The problem is: I desperately need a reset… but I don’t exactly have time to disappear to a silent retreat in the mountains right now. So instead, on the advice of my beloved counsellor Leah, I’ve been trying something much simpler:

I’ve been slowing down. I’ve been doing things more slowly. Slooowww.

I can’t control how many things I have to do in a day. But I can control the pace at which I do them. So I’ve been trying not to rush everything. Not sprinting through every moment. Not treating every task like a five-alarm emergency.

And the thing is…

It’s working. Slowly, but surely, it’s working. I’m finding more joy again. Laughing more during the hard moments instead of immediately spiralling. Feeling less dragged under by the overwhelm.

Not perfectly. Not magically. But noticeably.

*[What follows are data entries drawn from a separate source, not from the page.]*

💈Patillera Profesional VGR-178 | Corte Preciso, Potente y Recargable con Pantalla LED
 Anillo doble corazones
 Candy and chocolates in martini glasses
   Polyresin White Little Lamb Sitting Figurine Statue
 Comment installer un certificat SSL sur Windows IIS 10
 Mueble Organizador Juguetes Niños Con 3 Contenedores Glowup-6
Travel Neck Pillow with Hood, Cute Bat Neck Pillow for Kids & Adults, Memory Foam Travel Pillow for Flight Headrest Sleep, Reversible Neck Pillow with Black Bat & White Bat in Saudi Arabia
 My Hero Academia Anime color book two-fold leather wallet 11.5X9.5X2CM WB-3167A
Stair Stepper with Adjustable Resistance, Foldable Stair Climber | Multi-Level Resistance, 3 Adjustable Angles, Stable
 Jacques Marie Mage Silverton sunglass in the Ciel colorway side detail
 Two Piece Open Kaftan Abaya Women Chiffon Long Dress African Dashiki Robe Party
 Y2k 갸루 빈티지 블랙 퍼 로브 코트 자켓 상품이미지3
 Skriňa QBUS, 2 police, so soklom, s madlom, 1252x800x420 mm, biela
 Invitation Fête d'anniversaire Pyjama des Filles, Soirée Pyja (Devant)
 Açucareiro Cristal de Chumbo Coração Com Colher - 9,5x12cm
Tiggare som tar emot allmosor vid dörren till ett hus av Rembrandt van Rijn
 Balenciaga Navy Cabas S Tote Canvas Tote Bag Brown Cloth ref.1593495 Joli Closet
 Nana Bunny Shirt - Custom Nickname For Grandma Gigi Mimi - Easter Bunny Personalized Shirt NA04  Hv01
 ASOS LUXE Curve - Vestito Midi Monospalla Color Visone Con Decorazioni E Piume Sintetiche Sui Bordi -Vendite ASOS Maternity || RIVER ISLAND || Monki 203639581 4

June is maybe the craziest month of the year for moms. (Okay, September might fight for that title.) Everyone is trying to finish everything before summer arrives. Concerts, sports, field trips, year-end chaos, emails, forms, camps, sunscreen, snacks, and somehow we’re all expected to remember spirit days too?

It’s a lot!

So maybe this month, you could benefit from slowing down too. Walk slowly with me this June.

And if you’re struggling with your mental health right now, please know this:

You are not alone.

Read that again.

You are not the only one finding this hard. You are not failing. You are not broken. And it’s okay to not be okay sometimes. I see you.